Sunday, November 20, 2005

Christmas In July

What with Thanksgiving approaching, my having passed the bar (reason to make merry), and my two letters to Santa Claus (with a third on its way), it has seemed appropriate these past few days to pull out some of our Christmas music and get into the holiday spirit.

The only problem is that the last few days we've had temperatures between 85 and 90 degrees. This, of course, would make most any time of the year pleasant--but not this one. Now this weather feels entirely inappropriate and unwelcome.

As Jared would say "No. No."

This six week period or so just before Thanksgiving and through Christmas are times for at most 50 or 60 degree temperatures. The leaves should turn, I should see my breath in the evenings, and the crispness of the air as fall fades into winter. I should have to at least wear long sleeves in the evening, if not also a sweater or a coat. I should feel comfortable sipping hot cocoa in the evening, and a fire should seem like a welcome relief when I've been in the outdoors too long. In fact the colder and more wretched things get the better, since, for whatever reason, it seems to make the season warmer and more meaningful.

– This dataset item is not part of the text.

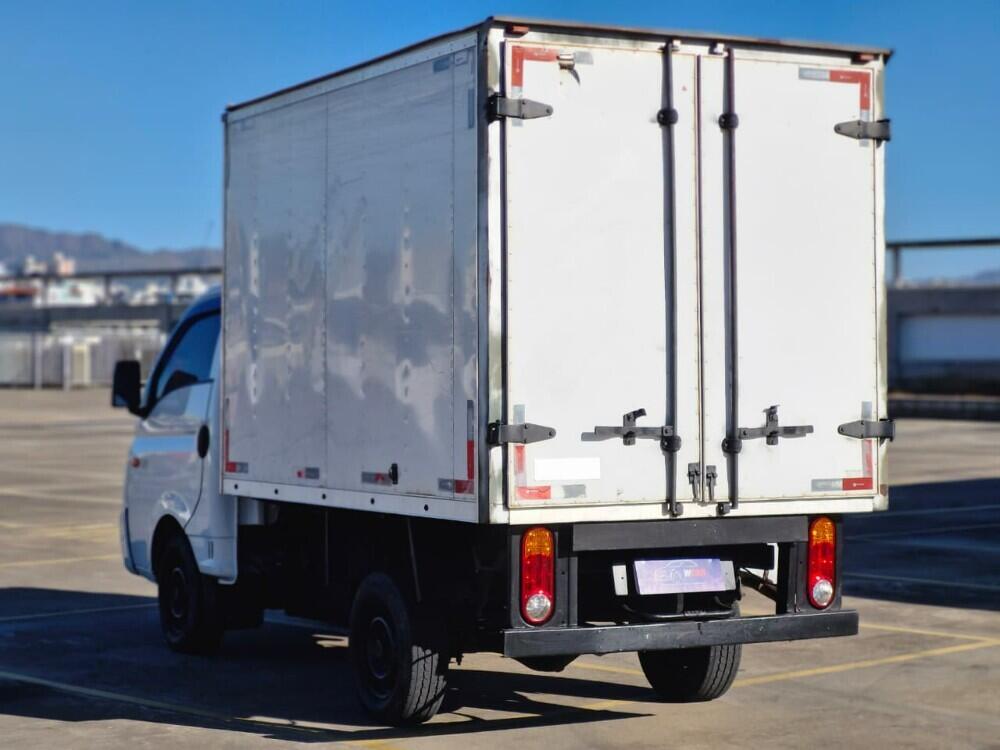 Hyundai HR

Instead, I'm stuck in the land of mild summers that never end and for the moment I cannot bear it! How on Earth am I supposed to listen to "Jingle Bells" or "Let it Snow" when there are no signs of frightful weather nor any cease to this pleasant sunshine?

These are supposed to be the times when people seek out their homes as refuge from the outside and at least figuratively huddle close. The weather is supposed to drive such gathering and hence make it more meaningful. It cannot, though, when I'm still running my air conditioner on November 20, and when I can just as comfortably hang out at the beach in a bathing suit as is in my living room. No. Something is very wrong here.

At this point I don't know what to do. I just can't escape the feeling that I'm faking it when I try to play Christmas music, especially mid day on days like today. Can there be no end to my suffering?

Sadly, I am faced with the stark reality that it is my lot to be bound for the next six weeks in this paradisical prison. Perhaps there were some commandments that, had I more fully kept, would have given me some place colder for the season. But alas! This is my fate. The days of my repentance are everlastingly too late. The harvest has ended, and my soul is stuck in sunny Southern California.